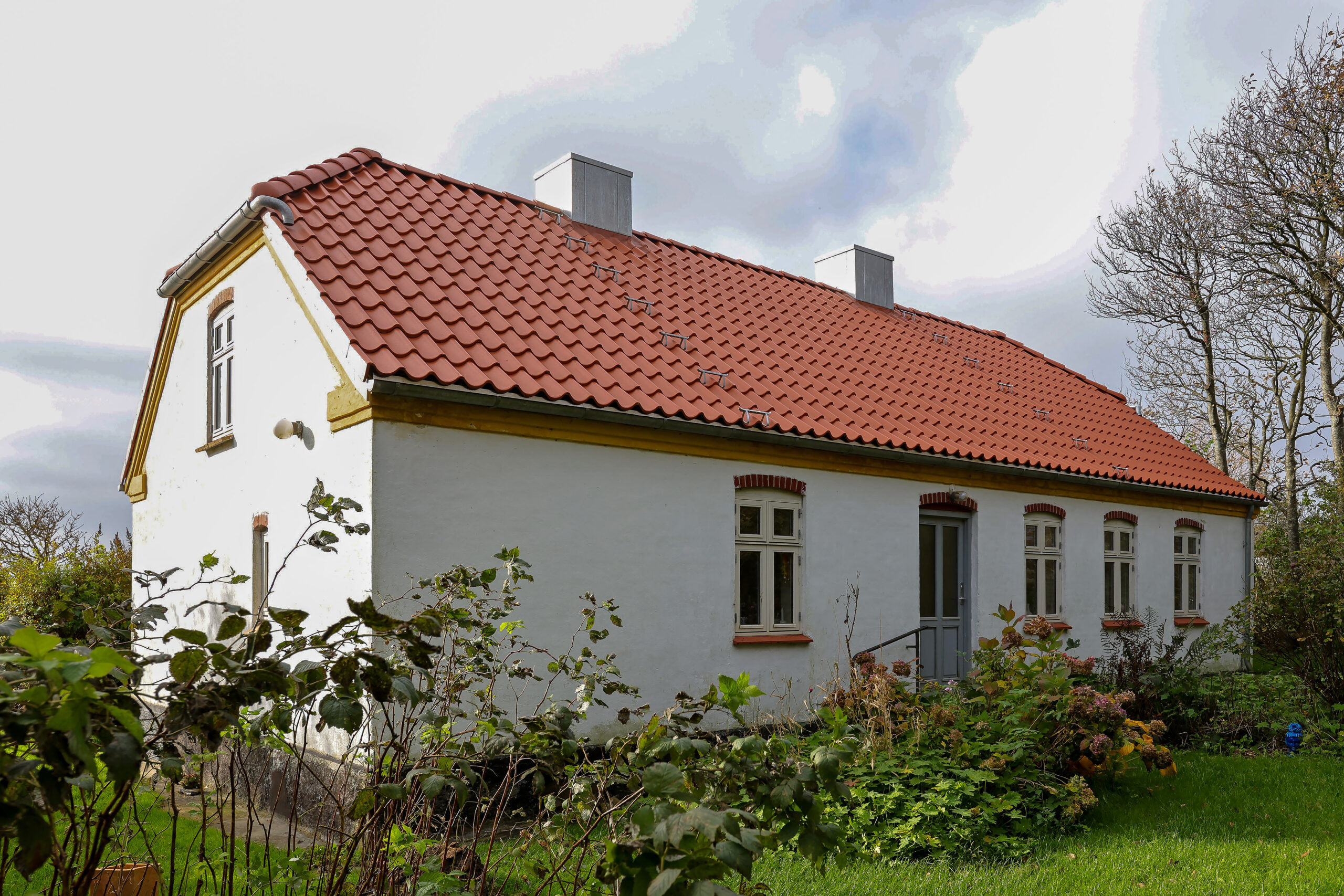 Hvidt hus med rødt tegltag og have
────────────────────
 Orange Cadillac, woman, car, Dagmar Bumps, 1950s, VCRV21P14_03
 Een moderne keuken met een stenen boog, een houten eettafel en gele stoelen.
────────────────────
● **Assignment**
Keeping every character as it is, restate the lines above that run from the line with "Orange Cadillac, woman, car, Dagmar" through the line with "Een moderne keuken", both included, and nothing else.

● **Task solution**
 Orange Cadillac, woman, car, Dagmar Bumps, 1950s, VCRV21P14_03
 Een moderne keuken met een stenen boog, een houten eettafel en gele stoelen.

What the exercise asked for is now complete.